The long-term solution for water supply is the construction of the Musina Dam, which will draw floodwater off the Limpopo River. The dam will take 10 years to build (with no clear documented strategy in the public domain for funding its expensive construction, estimated at R13.89-billion) the chances that the Vhembe underground water table will be radically affected are very high.
The Mudimele residents, who are closest to the proposed southern site, were alarmed to hear that the final EIA Report states that the Nzhelele Dam, which was used to supply their village with water, is proposed as a future water supply to the southern MMSEZ site. Commercial farmers in the area confirmed that the Nzhelele Dam has very limited capacity and it is for this reason that the Mudimele residents have to rely on boreholes and are not able to draw water from the dam.

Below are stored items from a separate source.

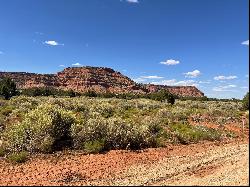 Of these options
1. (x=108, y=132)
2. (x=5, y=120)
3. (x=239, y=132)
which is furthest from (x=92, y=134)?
(x=239, y=132)

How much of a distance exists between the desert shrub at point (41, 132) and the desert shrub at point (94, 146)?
4.36 ft

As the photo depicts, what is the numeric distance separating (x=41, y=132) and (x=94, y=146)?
2.36 meters

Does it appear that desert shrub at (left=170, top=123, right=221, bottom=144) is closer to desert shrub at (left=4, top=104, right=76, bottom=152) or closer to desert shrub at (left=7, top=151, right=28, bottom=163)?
desert shrub at (left=4, top=104, right=76, bottom=152)

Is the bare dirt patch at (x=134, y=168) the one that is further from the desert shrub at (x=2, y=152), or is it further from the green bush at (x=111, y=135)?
the desert shrub at (x=2, y=152)

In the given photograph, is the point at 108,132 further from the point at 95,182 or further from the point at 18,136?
the point at 95,182

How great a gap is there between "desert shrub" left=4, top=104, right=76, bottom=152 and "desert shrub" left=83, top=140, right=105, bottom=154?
4.36 feet

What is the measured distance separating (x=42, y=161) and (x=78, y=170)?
2157 millimetres

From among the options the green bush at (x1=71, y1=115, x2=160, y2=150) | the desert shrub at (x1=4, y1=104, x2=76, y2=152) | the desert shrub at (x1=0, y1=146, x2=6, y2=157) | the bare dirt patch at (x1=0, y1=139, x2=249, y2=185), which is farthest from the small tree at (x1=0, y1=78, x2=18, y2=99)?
the bare dirt patch at (x1=0, y1=139, x2=249, y2=185)

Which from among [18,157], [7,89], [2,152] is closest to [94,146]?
[18,157]

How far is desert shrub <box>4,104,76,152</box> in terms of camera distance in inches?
634

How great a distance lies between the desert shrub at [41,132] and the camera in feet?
52.9

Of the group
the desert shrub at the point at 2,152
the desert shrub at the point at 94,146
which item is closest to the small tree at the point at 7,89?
the desert shrub at the point at 2,152

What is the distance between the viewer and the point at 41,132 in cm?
1670

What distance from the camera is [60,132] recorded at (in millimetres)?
17516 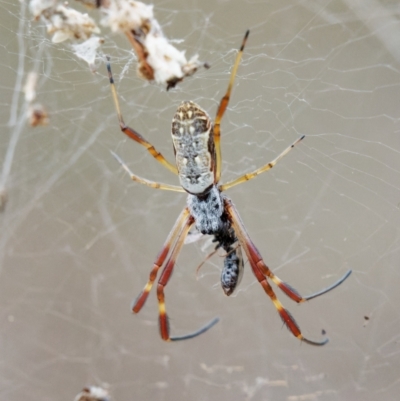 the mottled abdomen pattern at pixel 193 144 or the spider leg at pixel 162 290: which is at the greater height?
the mottled abdomen pattern at pixel 193 144

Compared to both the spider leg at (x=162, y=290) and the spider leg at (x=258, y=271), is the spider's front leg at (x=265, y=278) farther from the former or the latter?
the spider leg at (x=162, y=290)

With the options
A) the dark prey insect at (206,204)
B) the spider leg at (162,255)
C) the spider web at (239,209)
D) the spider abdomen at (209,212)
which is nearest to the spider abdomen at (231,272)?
the dark prey insect at (206,204)

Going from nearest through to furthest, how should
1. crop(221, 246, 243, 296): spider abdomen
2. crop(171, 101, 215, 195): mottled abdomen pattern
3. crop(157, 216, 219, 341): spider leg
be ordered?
crop(171, 101, 215, 195): mottled abdomen pattern, crop(221, 246, 243, 296): spider abdomen, crop(157, 216, 219, 341): spider leg

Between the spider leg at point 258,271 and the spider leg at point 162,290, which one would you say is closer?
the spider leg at point 258,271

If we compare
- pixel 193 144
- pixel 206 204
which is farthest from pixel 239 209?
pixel 193 144

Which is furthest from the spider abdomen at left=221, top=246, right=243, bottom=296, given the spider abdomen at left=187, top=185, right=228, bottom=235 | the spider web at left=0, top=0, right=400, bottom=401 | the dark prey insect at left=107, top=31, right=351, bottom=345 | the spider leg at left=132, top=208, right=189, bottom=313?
the spider web at left=0, top=0, right=400, bottom=401

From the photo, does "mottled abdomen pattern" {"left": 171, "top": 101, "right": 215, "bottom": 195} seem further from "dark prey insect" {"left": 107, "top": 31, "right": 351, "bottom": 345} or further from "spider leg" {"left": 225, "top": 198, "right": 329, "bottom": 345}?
"spider leg" {"left": 225, "top": 198, "right": 329, "bottom": 345}

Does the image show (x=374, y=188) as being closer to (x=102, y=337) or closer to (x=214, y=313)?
(x=214, y=313) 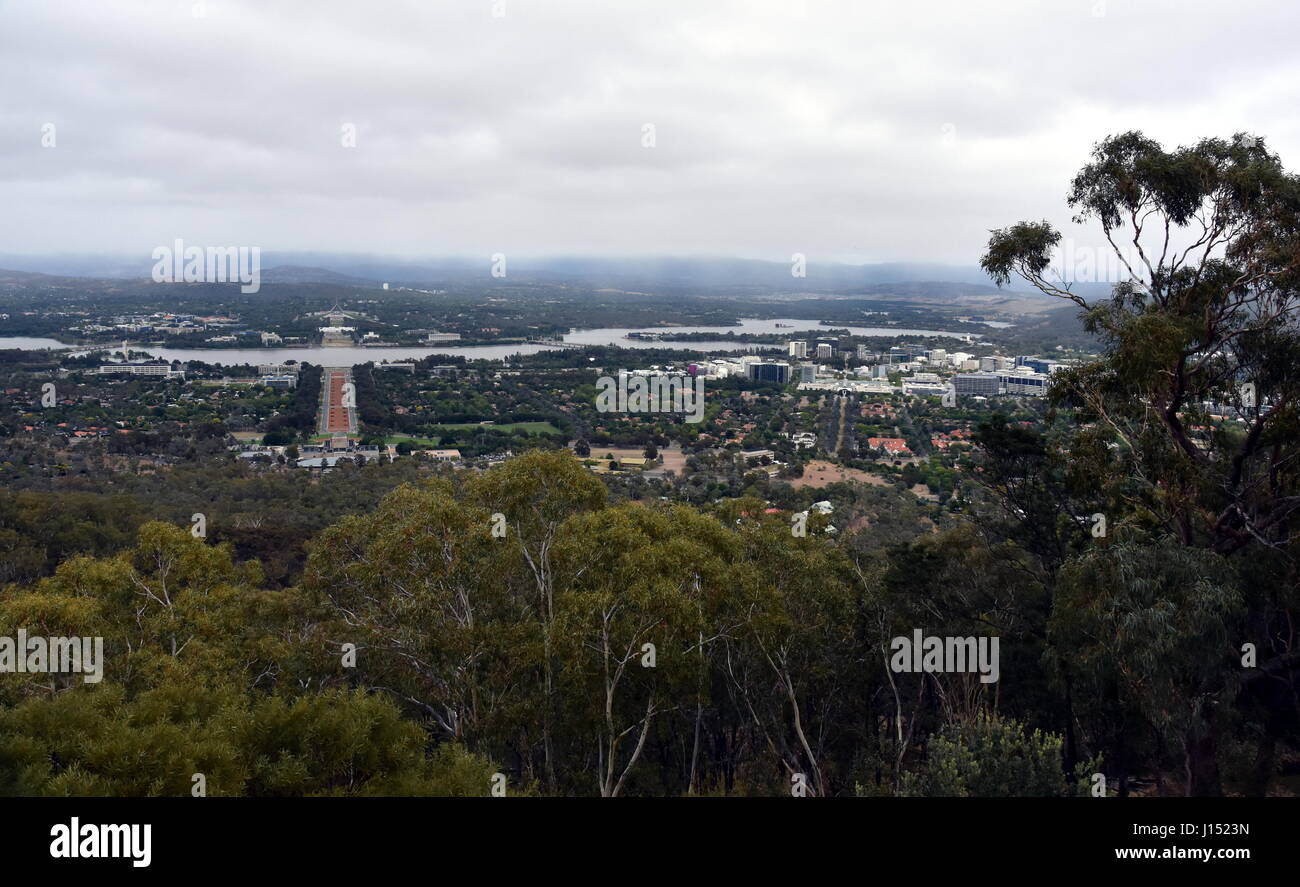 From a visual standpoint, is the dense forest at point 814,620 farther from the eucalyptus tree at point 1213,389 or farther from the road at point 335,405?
the road at point 335,405

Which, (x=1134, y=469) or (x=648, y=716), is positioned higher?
(x=1134, y=469)

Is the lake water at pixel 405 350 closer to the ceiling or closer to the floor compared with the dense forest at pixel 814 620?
Result: closer to the ceiling

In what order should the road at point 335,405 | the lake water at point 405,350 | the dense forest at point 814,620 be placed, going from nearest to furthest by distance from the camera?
the dense forest at point 814,620, the road at point 335,405, the lake water at point 405,350

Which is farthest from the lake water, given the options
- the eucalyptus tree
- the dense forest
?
the eucalyptus tree

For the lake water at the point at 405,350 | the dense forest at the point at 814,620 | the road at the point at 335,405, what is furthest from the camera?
the lake water at the point at 405,350

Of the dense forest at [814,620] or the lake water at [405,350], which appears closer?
the dense forest at [814,620]

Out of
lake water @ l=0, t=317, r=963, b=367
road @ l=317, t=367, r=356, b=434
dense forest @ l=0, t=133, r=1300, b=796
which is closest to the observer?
dense forest @ l=0, t=133, r=1300, b=796

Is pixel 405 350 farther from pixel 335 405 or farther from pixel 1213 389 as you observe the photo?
pixel 1213 389

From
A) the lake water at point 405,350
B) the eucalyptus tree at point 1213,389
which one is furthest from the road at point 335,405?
the eucalyptus tree at point 1213,389

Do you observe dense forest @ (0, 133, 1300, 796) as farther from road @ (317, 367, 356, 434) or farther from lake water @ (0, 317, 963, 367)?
lake water @ (0, 317, 963, 367) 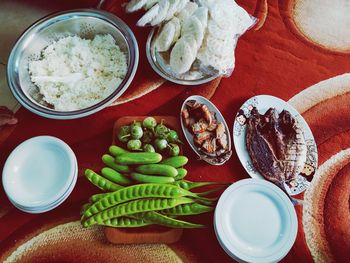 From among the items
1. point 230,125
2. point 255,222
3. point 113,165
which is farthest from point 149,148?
point 255,222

At the Friedrich Ebert Stiftung webinar, which addressed the question of water scarcity for the proposed MMSEZ, chief executive Lehlogonolo Masoga defended the water scarcity and livelihoods issue, stating that there would be more than sufficient water for the MMSEZ after the building of the Musina Dam.
The ignominy of Masoga’s confidence as the head of the Musina Makhado State-Owned Company is that neither he nor Lieda want to fully grapple with the grim reality of their flimsy plans for water provision. Neither is there a full appraisal of the short-term water scarcity consequences on the livelihoods of millions of Vhembe residents who are already battling with water shortages and ongoing droughts.
When questioned on the bumped-up figure of employment promises of 800 000 jobs for locals made at the Limpopo public meetings, Masoga stated he could not confirm that figure, because the following day he may be quoted in the newspaper. Another fine bit of fancy footwork dodging questions in the vein of the Enviroxcellence public participation presentations.It is abundantly clear that Masoga and the Limpopo Environmental Development Agency are happy to make big promises they know they can’t keep, the cost of which will be the destruction of the Vhembe biosphere on the basis of buying community consensus through scandalous figures of large-scale employment.